Pinsky returns to CT with a
short review of a tract by "Simpsons" creator Matt Groening called, "
Flanders' Book of Faith."
There are two running features in the book that elucidate Flanders's religious faith and its practical application. One is "What Would Ned Do?" Among the things he would do is sacrifice his son, as the patriarch Abraham was ordered to do, without question. He'd also audit his own taxes and charge himself an additional $65.42.
There is also an ongoing dialogue in which the children of The Simpsons ask him deceptively simple questions that require profound responses. "If God is love," Lisa asks, "why does he send people to hell?" Ned thinks a moment, and then explains, "Technically, God doesn't send anyone to hell, Lisa.
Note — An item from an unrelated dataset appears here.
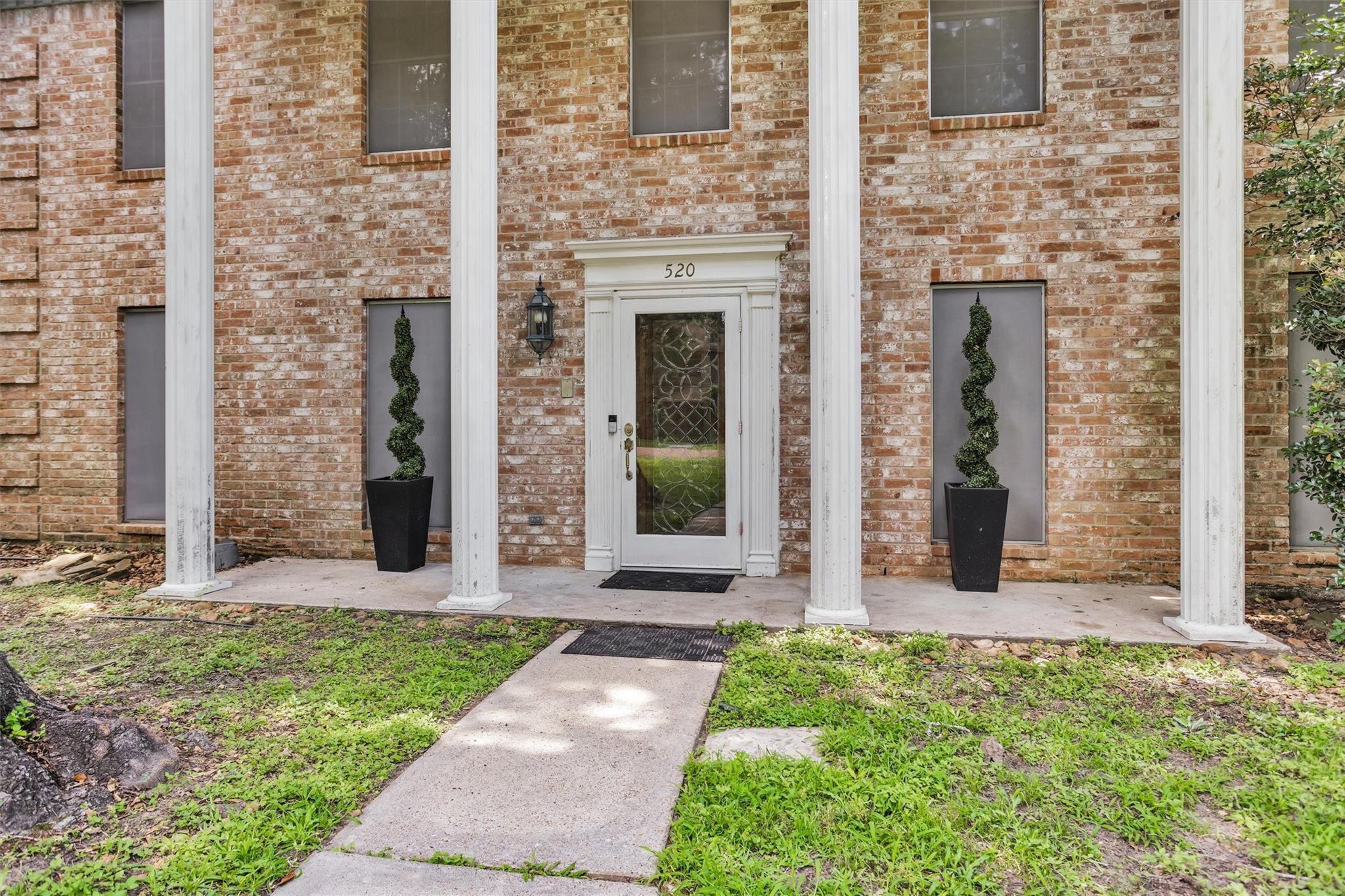 520 Beauregard Drive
People send themselves there. It's what we call 'free will.'" Bart scoffs that the Bible "is filled with trick questions."
Bart is, of course, right. My favorite example is when Jesus
was asked whether his followers should pay taxes in an act of submission to secular authority.
"Show me a denarius. Whose portrait and inscription are on it?"
"Caesar's," they replied.
He said to them, "Then give to Caesar what is Caesar's, and to God what is God's."